Personal information
- Full name: Leonardo Fernando Vanegas Barcia
- Date of birth: 16 July 1982 (age 42)
- Place of birth: Cuenca, Ecuador
- Position(s): Right back

Senior career*
- Years: Team / Apps / (Gls)
- 2002: LDU Cuenca / 1 / (0)
- 2003: Atlético Universitario / 8 / (0)
- 2004: Gloria [es] / 9 / (0)

Managerial career
- 2004–2012: Deportivo Cuenca (youth)
- 2013–2014: Estrella Roja [es] (assistant)
- 2015: Círculo Cruz del Vado
- 2016–2019: Estudiantes Cuenca [es]
- 2020–2021: Gualaceo (assistant)
- 2021–2023: Gualaceo
- 2023: Cumbayá

= Leonardo Vanegas =

Ecuadorian footballer and manager (born 1982)

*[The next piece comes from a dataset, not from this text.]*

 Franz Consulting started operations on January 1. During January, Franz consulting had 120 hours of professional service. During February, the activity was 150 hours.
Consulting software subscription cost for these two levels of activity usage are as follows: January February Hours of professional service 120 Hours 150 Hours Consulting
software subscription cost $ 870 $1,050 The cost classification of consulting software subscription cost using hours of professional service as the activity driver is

Leonardo Fernando Vanegas Barcia (born 16 July 1982) is an Ecuadorian football manager and former player who played as a right back.

==Career==
Born in Cuenca, Vanegas was a right back for lower sides LDU Cuenca, Atlético Universitario and Gloria. He retired in 2004, and became a manager of Deportivo Cuenca's youth categories.

In 2013, Vanegas was an assistant of Daniel Segarra at Estrella Roja, before being named manager of Círculo Cruz del Vado for the 2015 season. In 2016, he took over Estudiantes de Cuenca, before rejoining Segarra's staff at Gualaceo in 2020.

Vanegas became Gualaceo's manager in July 2021, after Segarra left, and led the club to their first-ever promotion to the Serie A in November. He was subsequently kept as manager for the 2022 campaign.

On 18 September 2023, Vanegas resigned from Gualaceo. On 8 November, he replaced Patricio Hurtado at the helm of Cumbayá.